Suriye merkezli dış politikadaki neo-Osmanlıcı sörf, Arap Baharı rüzgarının ve ardından vekalet savaşlarının yarattığı jeopolitik dalgaların üzerinde gerçekleşiyordu. ABD ve İsrail ile gerilimler, Rusya ile nükleer santral, S-400 anlaşmaları vb. ile dengelenmeye çalışılıyordu. AB ilişkisi bir tür ‘göç bekçiliğine’ sabitlenmişti. Ve nihayetinde bereketli dış koşullar, içeride iki kanlı siyasal olayla birleşip yeni bir rejimin inşa süreci başlatılıyordu.

İlki; oy kaybettiren Kürt müzakeresinin, MHP’nin de iktidar blokuna katılmasıyla, mücadeleye dönüşmesiydi. İkincisi; vesayet savaşı yıllarının kullanışlı aparatı Gülen kliğinin darbe kalkışmasıyla tasfiyesinin, yargı ve bürokrasiyi ‘ele geçirme-diz çöktürme’ sürecine bağlanıp, olağanüstü hal koşullarında başkanlık sistemine geçişin fırsatı yapılmasıydı.

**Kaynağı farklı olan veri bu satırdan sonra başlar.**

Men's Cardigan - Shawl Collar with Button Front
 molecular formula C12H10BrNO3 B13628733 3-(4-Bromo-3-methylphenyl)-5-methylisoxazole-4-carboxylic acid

‘15 Temmuz rejimi’ dedikleri tastamam buydu. Şenliklerle, mutlulukla, güvenle inşa edilmedi. Sıkıntılarla, yoksullukla, adaletsizlikle, cezaevleriyle, işi, ekmeği elinden alınan, on binlerce insanın hikayesiyle harcı karıldı.
İşte bu rejimin zembereği dış koşullardı ve onun kurulmasıyla beraber iç koşullar da tıpkı bir saatin çarkları gibi uyumlu hale getirilip, işletiliyordu. Zemberek boşalıyor artık. Ne ekonomik imkanları, ne Kürtlerle müzakereyi, ne de Suriye merkezli dış politikayı arzu ettiği gibi belirleme/kullanma şansına sahip. Olacakları o da kestiremiyor. Bundan dolayı gelecekteki bir seçimin koşullarını bugün yaratmaya girişiyor. Zembereği zorbalıkla kendisi kurmaya çalışıyor.

Lakin, İBB’ye yönelik ‘yıldırım harekatı’nın daha ilk cephesinde, rakibinin kuklasını yakmayı planladığı Saraçhane’de, karşısına 18’lik gençler dikildi. Gelecekteki bir seçimin kavgasını vermek isterken aniden hiç istemediği bir ‘gelecek savaşının’ ortasında buldu kendini. Cephenin bir tarafında “inan hiç farketmez” pankartı açanlar, diğer tarafında onlarca şehit verilerek kurulduğu için övünülen 15 Temmuz rejimini savunmak için gece yarısı kahveciye koşanlar…
Eski zemberek boşalıyor, yeni zemberek kuruluyor. Kavga bugüne dair değil, gelecek için veriliyor.